*** Record extracts Section Begins ***

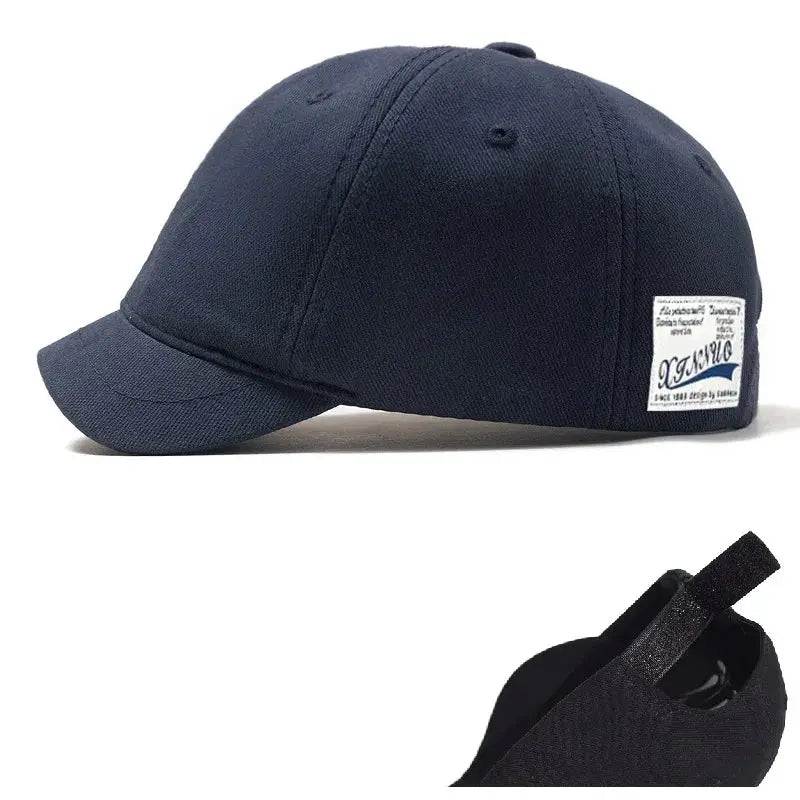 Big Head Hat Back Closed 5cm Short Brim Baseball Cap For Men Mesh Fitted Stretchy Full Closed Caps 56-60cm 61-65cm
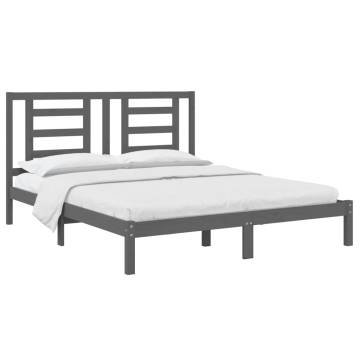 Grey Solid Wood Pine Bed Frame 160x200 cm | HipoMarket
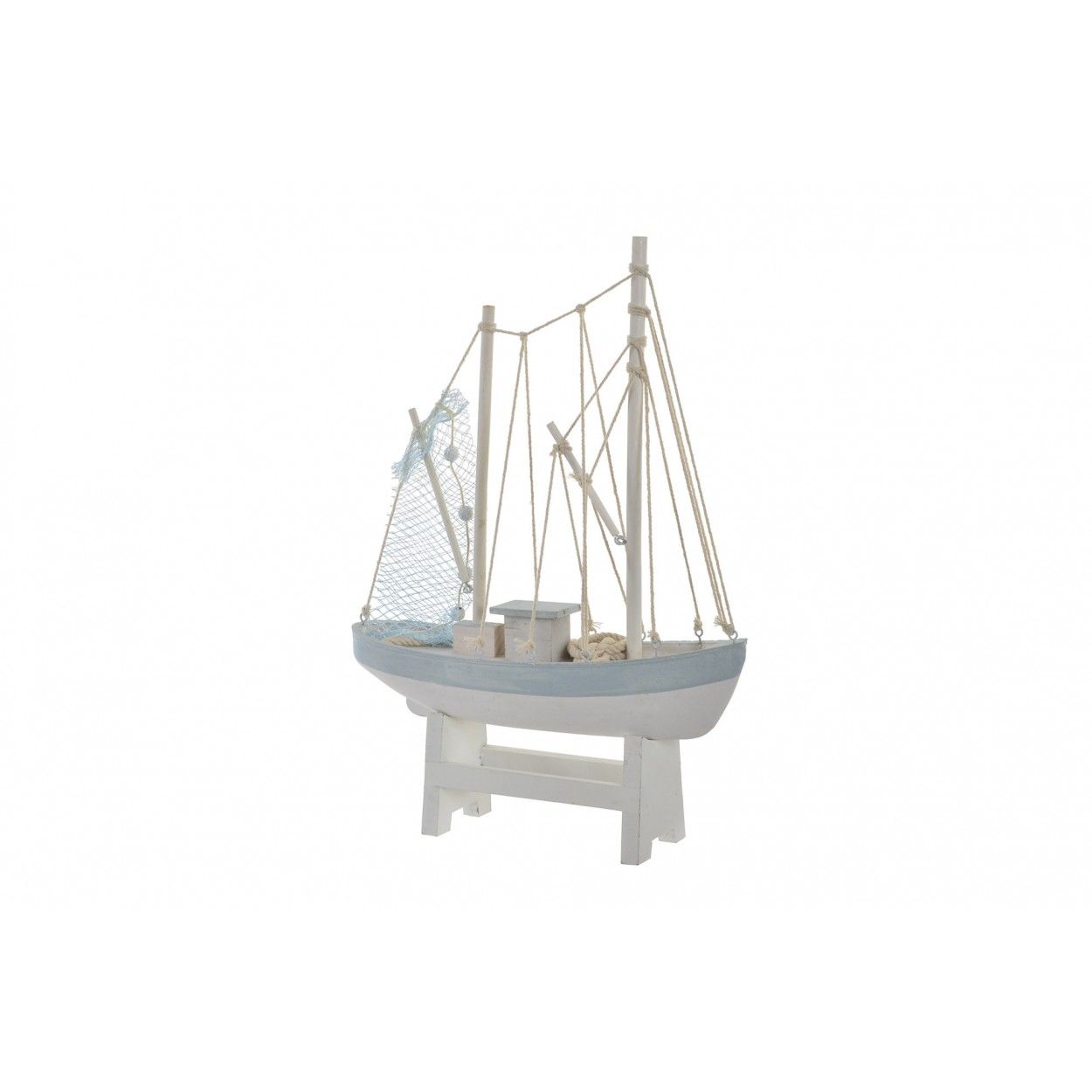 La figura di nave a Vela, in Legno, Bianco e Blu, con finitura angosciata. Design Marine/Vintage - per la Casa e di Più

*** Record extracts Section Ends ***
*** Record extracts Section Begins ***

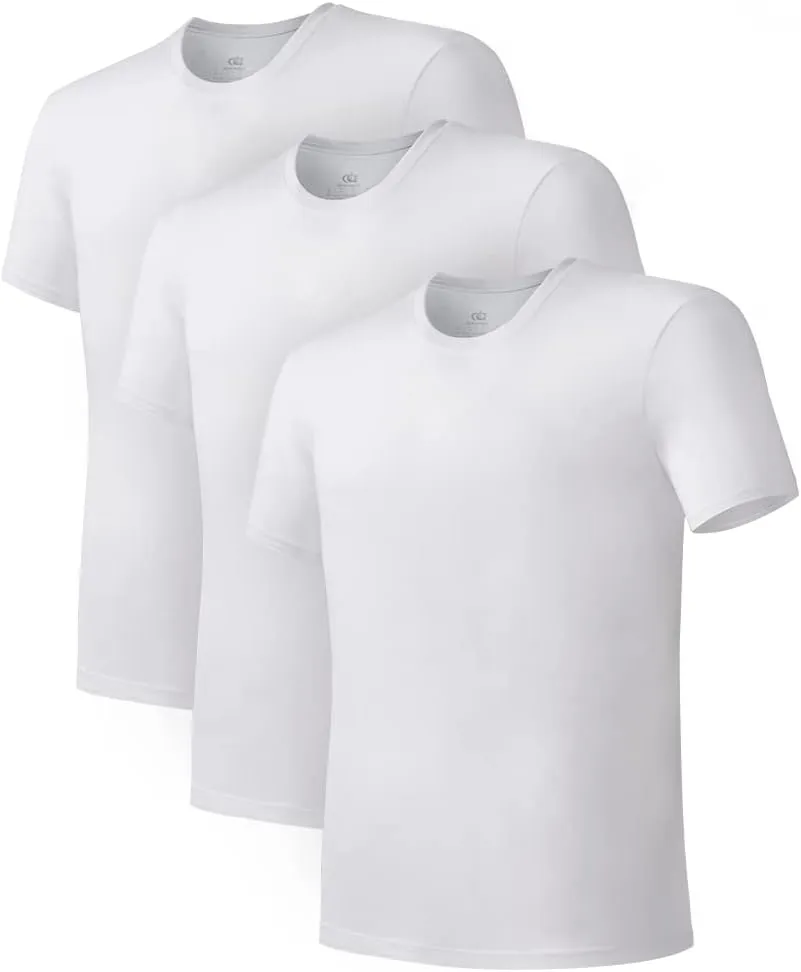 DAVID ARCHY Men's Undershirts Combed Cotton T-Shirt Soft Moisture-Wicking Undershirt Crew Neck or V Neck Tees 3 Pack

*** Record extracts Section Ends ***

Go to the line above holding "Big Head Hat", then copy exactly each line down to and including the one holding "La figura di", leaving pictures out.

 Big Head Hat Back Closed 5cm Short Brim Baseball Cap For Men Mesh Fitted Stretchy Full Closed Caps 56-60cm 61-65cm
 Grey Solid Wood Pine Bed Frame 160x200 cm | HipoMarket
 La figura di nave a Vela, in Legno, Bianco e Blu, con finitura angosciata. Design Marine/Vintage - per la Casa e di Più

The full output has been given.